There are four playable characters, and as luck would have it, the first character I chose to play as was the weakest. Don’t care, Casper has an awesome name. They all have particular abilities and different types of bomb attacks, which makes playing the game through as each character, which is required to get both endings, relatively painless.
The game consists of six levels (seperated into three chapters), then a fourth chapter, which can usually consist of only one or two stages. Each stage has a single boss, with the exception of bonus stage, Gorge, which has a miniboss part-way through.

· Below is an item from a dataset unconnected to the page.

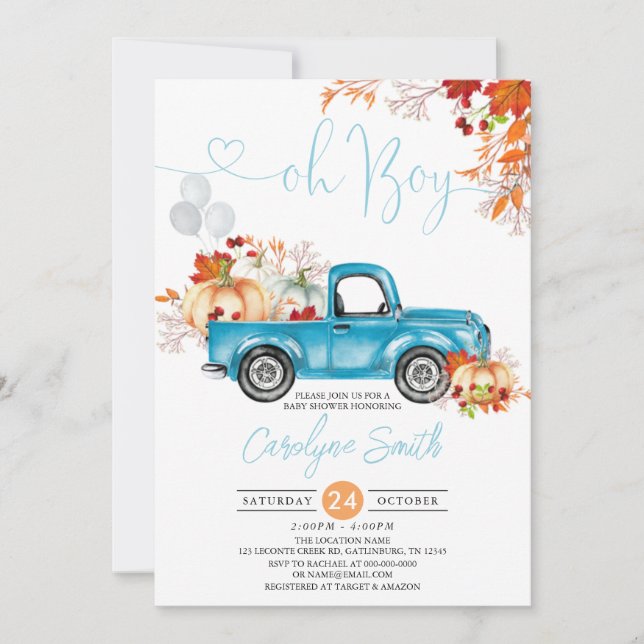 Oh Boy Pumpkin Blue Truck Fall Baby Shower Invitation (Front)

While you are playing, you get to choose your difficulty level, indicated as either Level 1, Level 2, or Level 3. As you turn up the difficulty, the enemies spew out more bullets, and that seems to be the only real difference between the settings.

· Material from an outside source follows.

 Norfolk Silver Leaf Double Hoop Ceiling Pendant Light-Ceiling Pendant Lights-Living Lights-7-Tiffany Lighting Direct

The DLC Japan had to pay for, which is integrated into all releases outside Nippon, adds an extra character (who can only be selected within the new modes that the DLC adds). It also adds an extra stage within the new Mega Black Label modes, with a new boss battle, which can also be played before facing the final level.
Bonus marks go to Deathsmiles for its soundtrack, and its redrawn high-definition sprites in the spruced-up added console modes. Marks are lost, however, due to only the non-background graphics being redrawn, and the game itself remaining in 4:3 resolution (meaning that to get it full-screen on a HD TV, you need to stretch it).

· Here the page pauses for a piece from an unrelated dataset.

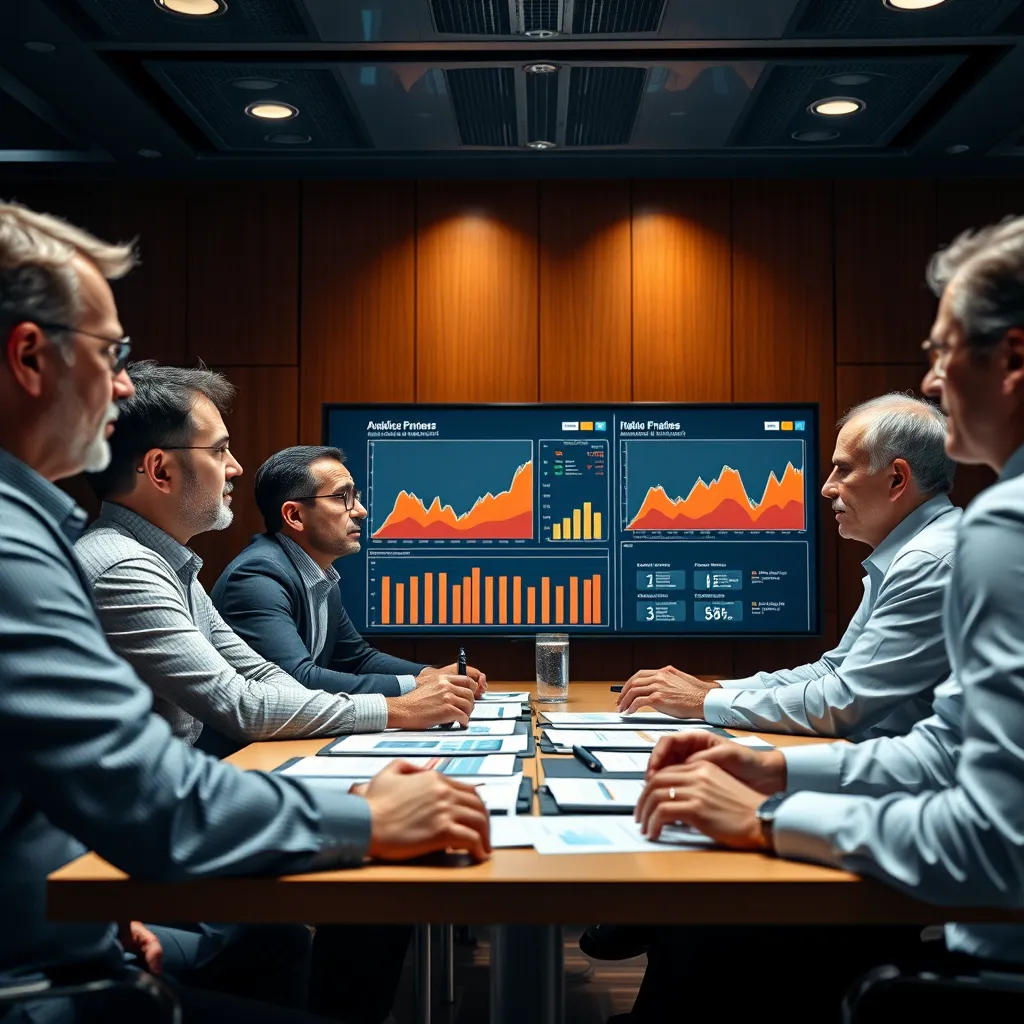 A conference room with business executives gathered around a table, carefully analyzing financial reports and charts presented on a large, high-definition screen. The expressions on their faces show focus and engagement.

Deathsmiles does the job, and it fills the occasional half-hour to an hour lust to kill people with laser beams. It offers enough modes to make it replayable, but as far as games go, this is definitely one you won’t enjoy if you don’t enjoy shooters. If you do, and you can play them as relentlessly as I can, then you pretty much want this game, ’nuff said, really.
I continue to support Cave in the hopes that future games of theirs eventually make it outside of Japan. The upcoming NIN2-JUMP looks like it might be interesting, and like all Live Arcade games, it’s bound to see release across the world. Cave‘s first Live Arcade title, Guwange, is well worth a shot if you enjoyed Pocky & Rocky 2, which I have previously implored you to play.
So long as Deathsmiles sees a decent worldwide success, Deathsmiles II: Hell’s Christmas has a pretty good chance of getting a release outside of Japan, too. Double hopefully, this will speed up Otomedius Excellent‘s American release and trigger interest in a European release, too. Otherwise, I’ll have to permanently move to Japan.
That’s a completely valid point about the strange release dates for non-European games within Europe. Seems ridiculous that the company can produce millions of copies for Japan and the United States, but can’t figure out ways to make the same numbers of copies for European countries.